国策としての原子力産業推進を優先した不当判決は許さない!

国策としての原子力産業推進を優先した不当判決は許さない!

 原子力発電所で働き、被曝し骨髄がんの一種の多発性骨髄腫になった長尾光明さんが東京電力に賠償を求めた訴訟に対し、東京地裁(松井英隆裁判長)は5月23日、請求を棄却した。長尾さんは2004年1月、被曝が原因だったとして労災認定を受けたが、判決は「多発性骨髄腫とは認められない」と診断そのものを否定した。
 そして、診断を否定しておきながら、「仮に(多発性骨髄腫と)認められたとしても、放射線被ばくと疾患との因果関係は肯定できない」と奇妙な論理を展開し、さらに現在の国の放射線被曝の法廷限度以内の被曝で多発性骨髄腫に罹患することはないとまで言っている。
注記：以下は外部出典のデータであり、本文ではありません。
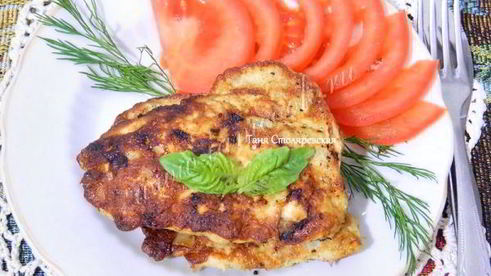 куриные котлеты с отрубями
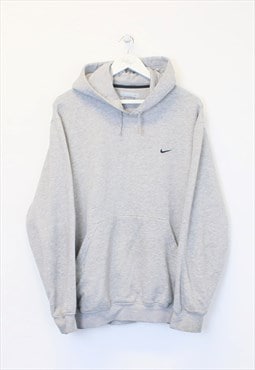 Vintage Nike swoosh logo hoodie in grey marl. Best fits L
ここには、この判決が極めて政治的な意図で書かれたものであることが示されている。
 この判決は、放射線被曝の影響をきびしくとらえ、多発性骨髄腫など白血病類似疾患や固形がんをも補償対象として認めている世界的な流れに逆行するものである。
 私たちは、人のいのちや健康よりも、国策としての原子力産業の推進を優先しようとする政治的圧力に屈したこの不当判決を許すことはできない。
 長尾さんは困難だった労災認定を勝ち取った後、「原発でたくさんの労働者が被曝している。長年経って、仕事をやめた後で出た病気が労災認定されたことは他の労働者の励みになると思う。元気なうちは皆さんに協力したい」と、病気と闘いながら裁判を闘い、「日本の原子力発電所の暗闇を照らすような判決を」と心から望んでいた。長尾さんの遺志をしっかり受け継ぎたい。

 6月5日、長尾さんの訴訟を引き継いだご遺族は、この判断を不服として控訴しました。
 これからもご支援をよろしくお願いします。